Karakoç, “Şair” şiirinde ise ölümü “iksir” kelimesiyle çağrıştırır:
Tart kaderini kuş uçuşlarındaki hafiflikle
Bülbül ötüşüyle gül açılımındaki arzuyla
Deniz altı kırmızı ve yeşil yosunla
Ateşle hayatının her anındaki atomu
Formülü Cebrailin cebinde olan iksirle” (Şiirler VII, s. 13)

Sezai Karakoç’un “Gül Muştusu”ndan aldığımız aşağıdaki parçada ise leff ü neşr  sanatı, tezat ve telmihle birlikte verilir:
Yaratılışa dönmüşümdür baharla
İlk yaratılışa
Gül saçarım düşmanıma bile
Bir ilgi var ölenle bulut
Doğanla güneş arasında
Taş bile çiçeklenir baharda” (Şiirler II, s. 78)

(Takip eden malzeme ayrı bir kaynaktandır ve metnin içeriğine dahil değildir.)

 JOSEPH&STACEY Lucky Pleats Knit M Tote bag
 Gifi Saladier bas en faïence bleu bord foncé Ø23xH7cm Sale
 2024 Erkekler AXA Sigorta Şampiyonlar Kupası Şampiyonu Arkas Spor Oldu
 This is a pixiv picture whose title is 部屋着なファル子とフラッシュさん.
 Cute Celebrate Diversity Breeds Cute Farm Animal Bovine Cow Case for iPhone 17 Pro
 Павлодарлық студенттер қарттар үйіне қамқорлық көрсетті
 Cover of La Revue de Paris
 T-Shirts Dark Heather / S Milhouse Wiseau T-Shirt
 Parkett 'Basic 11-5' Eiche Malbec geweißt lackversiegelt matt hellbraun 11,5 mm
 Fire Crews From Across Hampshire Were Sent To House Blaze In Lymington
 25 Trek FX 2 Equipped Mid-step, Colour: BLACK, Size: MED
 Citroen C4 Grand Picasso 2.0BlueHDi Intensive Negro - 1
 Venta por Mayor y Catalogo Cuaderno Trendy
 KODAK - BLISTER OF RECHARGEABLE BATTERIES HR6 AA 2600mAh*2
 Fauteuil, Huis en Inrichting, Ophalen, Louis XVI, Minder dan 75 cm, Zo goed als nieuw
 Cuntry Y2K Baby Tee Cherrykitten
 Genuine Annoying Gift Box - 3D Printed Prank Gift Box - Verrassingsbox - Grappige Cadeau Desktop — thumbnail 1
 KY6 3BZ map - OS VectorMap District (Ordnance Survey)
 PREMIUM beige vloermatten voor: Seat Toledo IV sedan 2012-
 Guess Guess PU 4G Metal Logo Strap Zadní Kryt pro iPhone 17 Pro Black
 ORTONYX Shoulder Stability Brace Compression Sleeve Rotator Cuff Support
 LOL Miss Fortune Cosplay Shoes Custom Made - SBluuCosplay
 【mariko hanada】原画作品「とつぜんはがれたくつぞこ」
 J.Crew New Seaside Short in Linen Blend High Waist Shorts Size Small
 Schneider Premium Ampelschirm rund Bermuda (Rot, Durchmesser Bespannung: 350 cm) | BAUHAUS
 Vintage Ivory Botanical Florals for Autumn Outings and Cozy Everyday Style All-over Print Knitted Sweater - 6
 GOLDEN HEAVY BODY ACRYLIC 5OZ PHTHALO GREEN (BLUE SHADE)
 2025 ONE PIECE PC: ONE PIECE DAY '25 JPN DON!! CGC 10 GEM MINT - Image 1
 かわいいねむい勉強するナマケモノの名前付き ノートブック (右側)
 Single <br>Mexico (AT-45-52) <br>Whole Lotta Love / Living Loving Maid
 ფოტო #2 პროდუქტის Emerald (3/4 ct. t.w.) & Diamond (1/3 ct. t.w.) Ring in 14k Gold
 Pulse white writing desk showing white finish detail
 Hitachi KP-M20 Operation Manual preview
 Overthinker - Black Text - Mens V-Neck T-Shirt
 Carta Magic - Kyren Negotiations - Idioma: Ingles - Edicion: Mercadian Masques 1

Bütün bunlardan sonra, Sezai Karakoç’un, gelenekle sürekli bir uyum içinde olduğunu, hatta geleneği devrimci bir kimlikle gelecek çağlara aktardığını söyleyebiliriz.  Onu,  çağının diğer şairlerden ayıran en önemli yön de bu bilinçli ve tutarlı devrimciliktir.



[1] Şairin, eserlerinde sürekli  kullandığı bu unsurları, ilk kez kullanıldığı yere göre sıraladık.
[2] Arap, Fars ve Türk edebiyatlarında oldukça eski ve geniş bir geleneğe sahip olan Leylâ vü Mecnûn hikayesi, ilk defa Ali Şîr Nevaî (1441-1501) tarafından yazılmıştır. En güzelleri Nizami, Câmi ve Fuzuli tarafından  kaleme alınan mesnevî hakkında daha geniş bilgi için Bkz: Fuzûlî, Leylâ vü Mecnûn, (Haz. Hüseyin Ayan), Dergâh Yay., İst., 1981.
Sezai Karakoç, hikayeyi şu ara başlıklar halinde yazmıştır: “Yolların Getirdiği” başlıklı ön şiiri takiben birinci bölüm “Doğum” başlığını taşır ve Mecnun’un, “Leylâ’nın Doğumu İçin Sonradan” söylediği uzun bir parça ile başlar. Ardından “Leylâ’nın doğumunda bir yer yaratığının söylediği  Sara” başlıklı şiir, “Leyla’nın doğumunda bir gök yaratığının söylediği” “Perili Şiir”, “Rüzgârın Dilinden”, “Ninni”  gibi parçalar eklenir. “Doğum”, “Günler”, “Kays’ın Aşkla Şöhret Bulup Adının Mecnun Konması”, “Annenin ve Babanın Vaziyeti Anlamaya Başlaması”, “Annesinin Mecnunun Aağzını Arayışı”, “Baba Umudu”, “Karabasan”, “Yıldız Falı”, “Nevfel” birinci bölümün diğer başlıklarıdır.
İkinci bölüm “Çölün Öyküsü” başlıklı giriş ile açılır. “Şairin Kuşkusu” , “Parantez”, “Dönüş”, “Mecnun Yeniden Çölde”, “Değişim”, “Mecnun ve Silahşör”, “Mecnun ve Rahip”, “Mecnun ve Toz Bulutu”,  Mecnun, Mum ve Pervane”,  Kervan”, “Leylâ Köşesi” ikinci bölümün ara başlıklarıdır.
Üçüncü bölüm “Ölüm” başlığı ile açılır. “Mecnunun Bir Işığa Dönüşmesi”, “Leylâ’nın Bir Işığa Dönüşmesi”, “Adak Işığı” başlıkları ile kitap biter. Bu yapısıyla da Karakoç’un eseri, geleneğe bağlanır.